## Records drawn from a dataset

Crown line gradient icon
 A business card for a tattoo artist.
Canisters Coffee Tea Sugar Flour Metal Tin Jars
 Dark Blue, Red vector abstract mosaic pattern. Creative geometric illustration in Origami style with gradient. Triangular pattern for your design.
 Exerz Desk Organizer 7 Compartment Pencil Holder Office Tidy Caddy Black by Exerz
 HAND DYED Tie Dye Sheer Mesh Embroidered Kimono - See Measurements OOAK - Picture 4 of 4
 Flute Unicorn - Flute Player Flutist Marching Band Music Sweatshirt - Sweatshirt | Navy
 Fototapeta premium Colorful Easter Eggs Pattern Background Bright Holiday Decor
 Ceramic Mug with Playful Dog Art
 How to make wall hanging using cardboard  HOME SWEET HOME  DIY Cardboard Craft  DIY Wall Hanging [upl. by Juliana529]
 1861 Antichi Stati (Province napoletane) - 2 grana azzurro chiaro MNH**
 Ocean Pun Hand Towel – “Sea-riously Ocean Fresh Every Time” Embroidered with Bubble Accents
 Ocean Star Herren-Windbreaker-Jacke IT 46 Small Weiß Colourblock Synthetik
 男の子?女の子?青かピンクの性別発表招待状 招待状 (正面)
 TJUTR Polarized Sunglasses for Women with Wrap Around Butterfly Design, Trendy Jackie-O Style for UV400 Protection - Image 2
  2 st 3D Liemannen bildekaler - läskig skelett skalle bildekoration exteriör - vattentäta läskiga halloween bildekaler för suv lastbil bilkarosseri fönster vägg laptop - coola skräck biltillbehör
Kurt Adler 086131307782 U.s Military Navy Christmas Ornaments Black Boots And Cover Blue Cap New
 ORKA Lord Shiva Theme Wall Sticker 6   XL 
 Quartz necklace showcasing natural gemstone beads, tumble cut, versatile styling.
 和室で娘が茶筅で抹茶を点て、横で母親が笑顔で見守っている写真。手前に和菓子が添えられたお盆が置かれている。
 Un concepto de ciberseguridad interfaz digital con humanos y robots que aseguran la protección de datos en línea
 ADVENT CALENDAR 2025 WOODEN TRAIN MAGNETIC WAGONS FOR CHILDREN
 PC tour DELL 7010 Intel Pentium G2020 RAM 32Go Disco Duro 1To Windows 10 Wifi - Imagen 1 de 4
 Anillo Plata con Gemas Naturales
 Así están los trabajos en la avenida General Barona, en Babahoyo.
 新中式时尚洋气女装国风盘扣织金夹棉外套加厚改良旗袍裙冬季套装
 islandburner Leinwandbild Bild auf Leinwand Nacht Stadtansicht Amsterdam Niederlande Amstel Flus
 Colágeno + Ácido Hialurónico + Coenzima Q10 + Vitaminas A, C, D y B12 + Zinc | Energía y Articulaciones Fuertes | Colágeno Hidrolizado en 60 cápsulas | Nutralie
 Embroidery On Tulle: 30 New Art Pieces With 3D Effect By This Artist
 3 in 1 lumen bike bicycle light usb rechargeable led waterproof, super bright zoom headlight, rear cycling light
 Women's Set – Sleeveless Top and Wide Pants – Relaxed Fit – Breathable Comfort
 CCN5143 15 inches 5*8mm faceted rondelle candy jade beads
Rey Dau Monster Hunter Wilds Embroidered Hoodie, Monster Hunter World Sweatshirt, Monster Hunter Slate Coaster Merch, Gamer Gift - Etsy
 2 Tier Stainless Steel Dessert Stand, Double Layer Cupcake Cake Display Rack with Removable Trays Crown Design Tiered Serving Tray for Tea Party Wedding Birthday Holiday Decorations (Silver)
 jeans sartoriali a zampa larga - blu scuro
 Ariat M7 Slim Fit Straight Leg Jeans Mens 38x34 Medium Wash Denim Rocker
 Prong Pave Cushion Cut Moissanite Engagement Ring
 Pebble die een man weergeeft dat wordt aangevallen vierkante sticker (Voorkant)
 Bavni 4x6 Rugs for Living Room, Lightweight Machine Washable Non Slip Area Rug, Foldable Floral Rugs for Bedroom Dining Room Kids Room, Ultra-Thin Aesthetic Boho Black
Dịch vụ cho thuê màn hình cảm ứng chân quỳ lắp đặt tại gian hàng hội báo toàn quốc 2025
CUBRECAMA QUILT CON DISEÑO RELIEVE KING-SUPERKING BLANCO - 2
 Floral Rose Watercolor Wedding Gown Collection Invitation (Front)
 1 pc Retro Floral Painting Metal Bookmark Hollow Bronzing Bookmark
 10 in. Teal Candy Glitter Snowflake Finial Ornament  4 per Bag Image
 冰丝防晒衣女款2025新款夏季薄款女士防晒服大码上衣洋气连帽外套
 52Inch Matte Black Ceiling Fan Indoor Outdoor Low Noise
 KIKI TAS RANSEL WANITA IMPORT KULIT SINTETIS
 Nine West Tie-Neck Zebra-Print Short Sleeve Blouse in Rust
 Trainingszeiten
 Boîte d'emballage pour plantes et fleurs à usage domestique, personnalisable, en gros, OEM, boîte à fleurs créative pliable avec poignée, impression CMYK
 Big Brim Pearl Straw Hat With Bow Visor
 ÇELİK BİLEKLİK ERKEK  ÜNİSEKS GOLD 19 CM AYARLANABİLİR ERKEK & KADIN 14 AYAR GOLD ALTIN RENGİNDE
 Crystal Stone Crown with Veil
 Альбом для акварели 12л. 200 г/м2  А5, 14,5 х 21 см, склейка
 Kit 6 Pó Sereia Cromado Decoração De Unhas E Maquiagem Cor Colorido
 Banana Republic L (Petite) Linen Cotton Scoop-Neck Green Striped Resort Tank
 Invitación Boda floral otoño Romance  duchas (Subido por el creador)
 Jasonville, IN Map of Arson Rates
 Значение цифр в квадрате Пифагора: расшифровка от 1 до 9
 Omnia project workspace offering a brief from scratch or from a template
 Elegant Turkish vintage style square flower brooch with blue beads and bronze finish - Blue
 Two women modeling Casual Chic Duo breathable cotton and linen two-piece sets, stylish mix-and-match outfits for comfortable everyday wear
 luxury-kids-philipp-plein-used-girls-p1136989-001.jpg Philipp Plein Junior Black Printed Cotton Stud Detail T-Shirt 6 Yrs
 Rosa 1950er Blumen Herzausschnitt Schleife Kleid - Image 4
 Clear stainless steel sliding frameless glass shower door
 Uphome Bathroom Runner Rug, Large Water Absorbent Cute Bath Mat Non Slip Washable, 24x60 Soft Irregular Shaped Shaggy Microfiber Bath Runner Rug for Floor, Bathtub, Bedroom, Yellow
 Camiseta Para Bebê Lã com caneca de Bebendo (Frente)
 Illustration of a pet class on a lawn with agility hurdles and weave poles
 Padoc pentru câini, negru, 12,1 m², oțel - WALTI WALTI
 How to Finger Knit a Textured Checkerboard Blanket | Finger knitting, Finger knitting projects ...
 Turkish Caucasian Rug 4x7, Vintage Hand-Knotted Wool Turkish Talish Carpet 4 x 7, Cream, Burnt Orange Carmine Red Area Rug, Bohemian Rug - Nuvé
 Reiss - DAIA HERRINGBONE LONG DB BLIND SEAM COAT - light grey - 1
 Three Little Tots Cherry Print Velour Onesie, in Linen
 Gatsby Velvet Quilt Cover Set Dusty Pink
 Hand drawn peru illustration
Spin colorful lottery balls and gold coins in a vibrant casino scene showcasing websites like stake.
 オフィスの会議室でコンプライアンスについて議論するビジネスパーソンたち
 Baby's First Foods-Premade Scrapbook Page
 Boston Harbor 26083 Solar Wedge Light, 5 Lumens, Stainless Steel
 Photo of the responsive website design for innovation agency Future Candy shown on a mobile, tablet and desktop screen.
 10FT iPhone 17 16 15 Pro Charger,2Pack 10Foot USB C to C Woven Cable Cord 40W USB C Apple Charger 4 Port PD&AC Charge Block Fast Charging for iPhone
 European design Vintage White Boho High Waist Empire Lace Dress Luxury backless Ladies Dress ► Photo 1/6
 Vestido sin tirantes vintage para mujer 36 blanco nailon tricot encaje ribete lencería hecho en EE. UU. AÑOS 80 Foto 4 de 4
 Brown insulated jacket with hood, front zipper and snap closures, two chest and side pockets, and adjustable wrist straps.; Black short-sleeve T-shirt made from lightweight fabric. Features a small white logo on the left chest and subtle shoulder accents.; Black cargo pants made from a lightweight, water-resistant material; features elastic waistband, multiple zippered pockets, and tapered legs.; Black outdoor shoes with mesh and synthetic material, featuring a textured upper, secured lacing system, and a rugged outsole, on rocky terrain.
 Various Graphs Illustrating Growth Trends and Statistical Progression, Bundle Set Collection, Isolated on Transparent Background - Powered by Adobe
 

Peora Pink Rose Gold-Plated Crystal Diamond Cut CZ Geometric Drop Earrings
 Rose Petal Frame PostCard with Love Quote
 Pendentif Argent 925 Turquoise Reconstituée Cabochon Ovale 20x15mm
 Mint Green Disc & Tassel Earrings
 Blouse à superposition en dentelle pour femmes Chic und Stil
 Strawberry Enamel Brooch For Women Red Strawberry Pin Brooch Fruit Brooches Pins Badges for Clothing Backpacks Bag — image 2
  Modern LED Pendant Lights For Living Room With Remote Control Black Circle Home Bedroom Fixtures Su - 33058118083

## Exercise description
Would you please copy exactly the part of the entries above that begins at the line containing "Boîte d'emballage pour" and ends at the line containing "Omnia project workspace", both lines included?

## Result for this task
 Boîte d'emballage pour plantes et fleurs à usage domestique, personnalisable, en gros, OEM, boîte à fleurs créative pliable avec poignée, impression CMYK
 Big Brim Pearl Straw Hat With Bow Visor
 ÇELİK BİLEKLİK ERKEK  ÜNİSEKS GOLD 19 CM AYARLANABİLİR ERKEK & KADIN 14 AYAR GOLD ALTIN RENGİNDE
 Crystal Stone Crown with Veil
 Альбом для акварели 12л. 200 г/м2  А5, 14,5 х 21 см, склейка
 Kit 6 Pó Sereia Cromado Decoração De Unhas E Maquiagem Cor Colorido
 Banana Republic L (Petite) Linen Cotton Scoop-Neck Green Striped Resort Tank
 Invitación Boda floral otoño Romance  duchas (Subido por el creador)
 Jasonville, IN Map of Arson Rates
 Значение цифр в квадрате Пифагора: расшифровка от 1 до 9
 Omnia project workspace offering a brief from scratch or from a template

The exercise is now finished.